None of this is to say The Menu hates the idea of criticising art. Margot only lives because she has the spirit to demand better of the artist who has put her through so much crap so that she can receive something so much more. But it draws a clear line between criticism and vitriol, in Margot’s plain and honest explanation of what she hated about her night, and the satirically pretentious food taster’s and restaurant reviewer’s pretentious desire to find any one single flaw in the night that’s been so painstakingly put together solely for their benefit. Well, y’know, prior before the stakes are upped by the murder and stuff.
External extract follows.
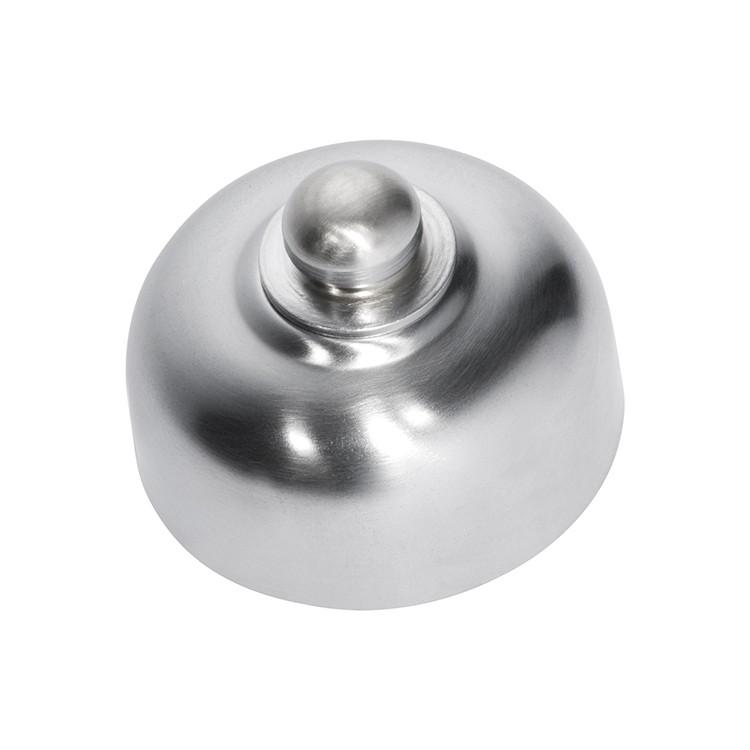 Tradco Dimmer LED Traditional Satin Chrome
And in this age of fandoms and franchises, The Menu is also quick to criticise the idolisation of artists and the power those artists can hold over audiences. One poor fellow loves the Chef so much that he keeps it secret for weeks that he knows everyone who attends the meal will die, and still brings a plus one with him (Margot), who doesn’t know this. All this for a chance to see the Chef, whose ever recipe he knows, whose very presence he basks in and whose ever move he wishes to understand. And when this fanboy meets our delightfully evil Chef? He is asked to cook. He does his best to appease the Chef and caves under the pressure he has placed on himself, making the worst meal of the night and is then told by the Chef to kill himself for doing so… And he does actually kill himself.

In this age of J.K Rowling said this that and the other about the LGBTQ+ community, and Elon Musk has done this that and the other to the employees of Twitter, with waves and waves of faceless people that do not, and will never, know each other battling in the war of demonisation vs idolisation, this is all very relevant.

And that’s why I like the Menu. It’s not only a fun movie that doesn’t take itself too seriously, about a Chef killing a bunch of people on an island, it also has something to say about itself, it’s audience and how those things fit together. It’s a delightful watch I wish I’d got to earlier, because I very much enjoyed it. So, yes, I would recommend The Menu.